问题
I have seen:
- how do I find the closest value to a given number in an array?
- How do I find the closest array element to an arbitrary (non-member) number?.
These relate to vanilla python and not pandas.
If I have the series:
ix num
0 1
1 6
2 4
3 5
4 2
And I input 3, how can I (efficiently) find?
- The index of 3 if it is found in the series
- The index of the value below and above 3 if it is not found in the series.
Ie. With the above series {1,6,4,5,2}, and input 3, I should get values (4,2) with indexes (2,4).
回答1:
You could use argsort()
like
Say, input = 3
In [198]: input = 3
In [199]: df.ix[(df['num']-input).abs().argsort()[:2]]
Out[199]:
num
2 4
4 2
df_sort
is the dataframe with 2 closest values.
In [200]: df_sort = df.ix[(df['num']-input).abs().argsort()[:2]]
For index,
In [201]: df_sort.index.tolist()
Out[201]: [2, 4]
For values,
In [202]: df_sort['num'].tolist()
Out[202]: [4, 2]
Detail, for the above solution df
was
In [197]: df
Out[197]:
num
0 1
1 6
2 4
3 5
4 2
回答2:
I recommend using iloc
in addition to John Galt's answer since this will work even with unsorted integer index, since .ix first looks at the index labels
df.iloc[(df['num']-input).abs().argsort()[:2]]
回答3:
Apart from not completely answering the question, an extra disadvantage of the other algorithms discussed here is that they have to sort the entire list. This results in a complexity of ~N log(N).
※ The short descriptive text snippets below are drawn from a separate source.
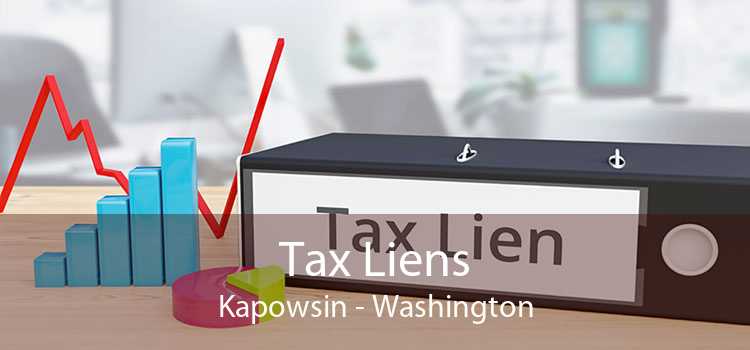 Tax Liens Kapowsin - Washington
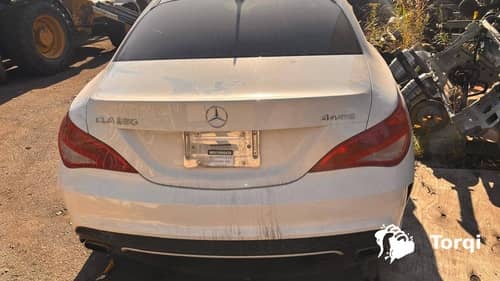 Rear Bumper Assembly
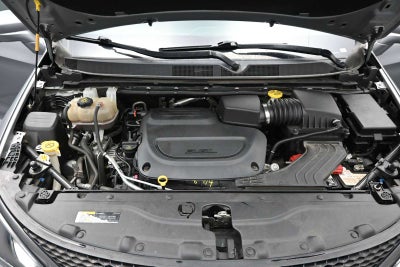 2020 Chrysler Pacifica Launch Edition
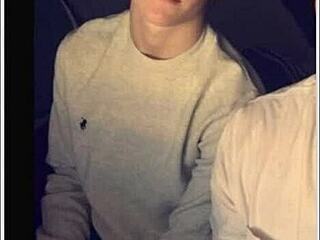 i love watching adlene twinks masturbate in this gay video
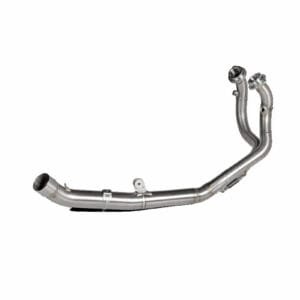 Akrapovic Colectores Racing No Homologado Honda CRF 1100 L Africa Twin 20-23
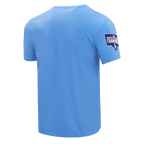 MLB LOS ANGELES DODGERS CLASSIC CHENILLE MEN'S TOP (UNIVERSITY BLUE)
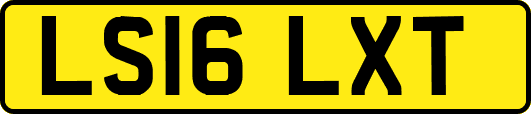 LS16LXT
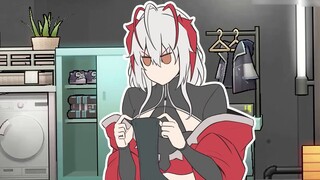 Hiss——! Is this…is this the smell of His Highness?
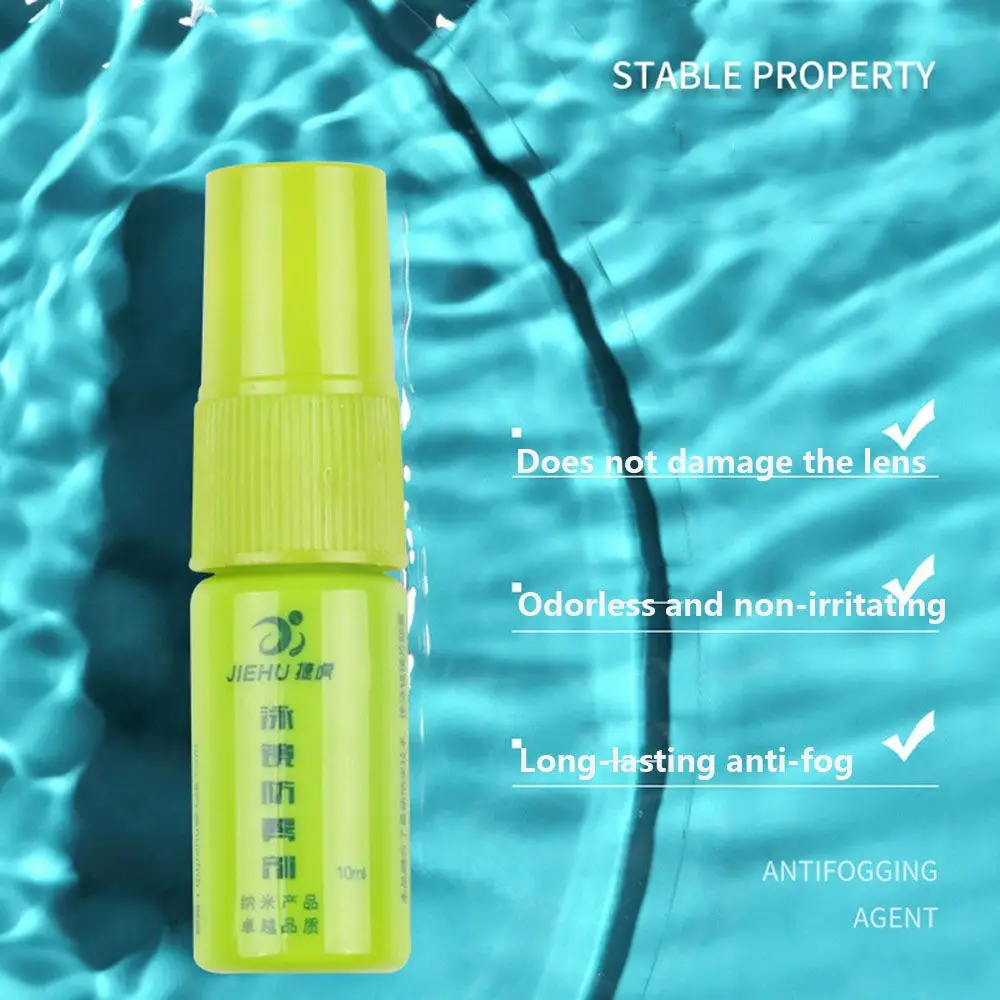 

Masks Anti-static Glass Dust-proof Antifouling Mist Free Cleaning Spray Anti Fog Spray Diving Glasses Antifog Defogger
However, it is possible to achieve the same results in ~N. This approach separates the dataframe in two subsets, one smaller and one larger than the desired value. The lower neighbour is than the largest value in the smaller dataframe and vice versa for the upper neighbour.
This gives the following code snippet:
def find_neighbours(value):
exactmatch=df[df.num==value]
if !exactmatch.empty:
return exactmatch.index[0]
else:
lowerneighbour_ind = df[df.num<value].idxmax()
upperneighbour_ind = df[df.num>value].idxmin()
return lowerneighbour_ind, upperneighbour_ind
This approach is similar to using partition in pandas, which can be really useful when dealing with large datasets and complexity becomes an issue.
Comparing both strategies shows that for large N, the partitioning strategy is indeed faster. For small N, the sorting strategy will be more efficient, as it is implemented at a much lower level. It is also a one-liner, which might increase code readability.
The code to replicate this plot can be seen below:
from matplotlib import pyplot as plt
import pandas
import numpy
import timeit
value=3
sizes=numpy.logspace(2, 5, num=50, dtype=int)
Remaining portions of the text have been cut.